Raised in Jalandhar in a musical environment, Manu learnt the finer nuances of sitar, tabla and gayaki in his usual routine. A postgraduate in English literature and music from GNDU, Manu’s popularity graph rose to significance as he won gold medals at inter-university meet in 1987 and President’s gold medal as AIR topper in 1988.
Manu gives full credit to his mentor and guru Ustad Shahid Parvez of Etawa gharana. “Though I started following the baaz style of Maihar gharana in Tantarkari and gayaki ang but the blessed tutelage of Ustad Shahid Parvez has added richer dimensions to my performing capability,” says the artiste who has been felicitated by various music organisations in India as well as abroad such as Virasat Foundation, Raag Mala Society, Canada, Universal Sacred Music, New York, Anhad Raga Tutorial International, England, Sur Shingar Samsad, Mumbai, Harvallabh Sangeet Sammelan, Jalandhar.
Sharing about his recent performances and lecture demonstrations along with the young tabla player Akram Khan at the universities of Victoria, British Columbia, Fraser Valley and more, he says, “We were thrilled to see the response, respect and interest evinced by them in our music. Unfortunately, things are the other way round here, especially in Punjab, which was once Mecca of classical music and spiritual wisdom.”
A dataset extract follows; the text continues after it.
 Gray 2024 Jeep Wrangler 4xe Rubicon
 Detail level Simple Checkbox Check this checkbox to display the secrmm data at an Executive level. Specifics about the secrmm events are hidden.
“No form of music is bad but our rich heritage of classical arts must be preserved and propagated,” feels the devout musician who is credited with albums like Melody Mood, Echoes of Love and Divine Experience.
With systematic learning and practice of classical music under guru-shishya tradition, the half-baked young artistes — striving for glamour of TV reality shows and career in films — can certainly do better,” says the sitarist, adding that there is no shortcut to find name fame and money in this realm.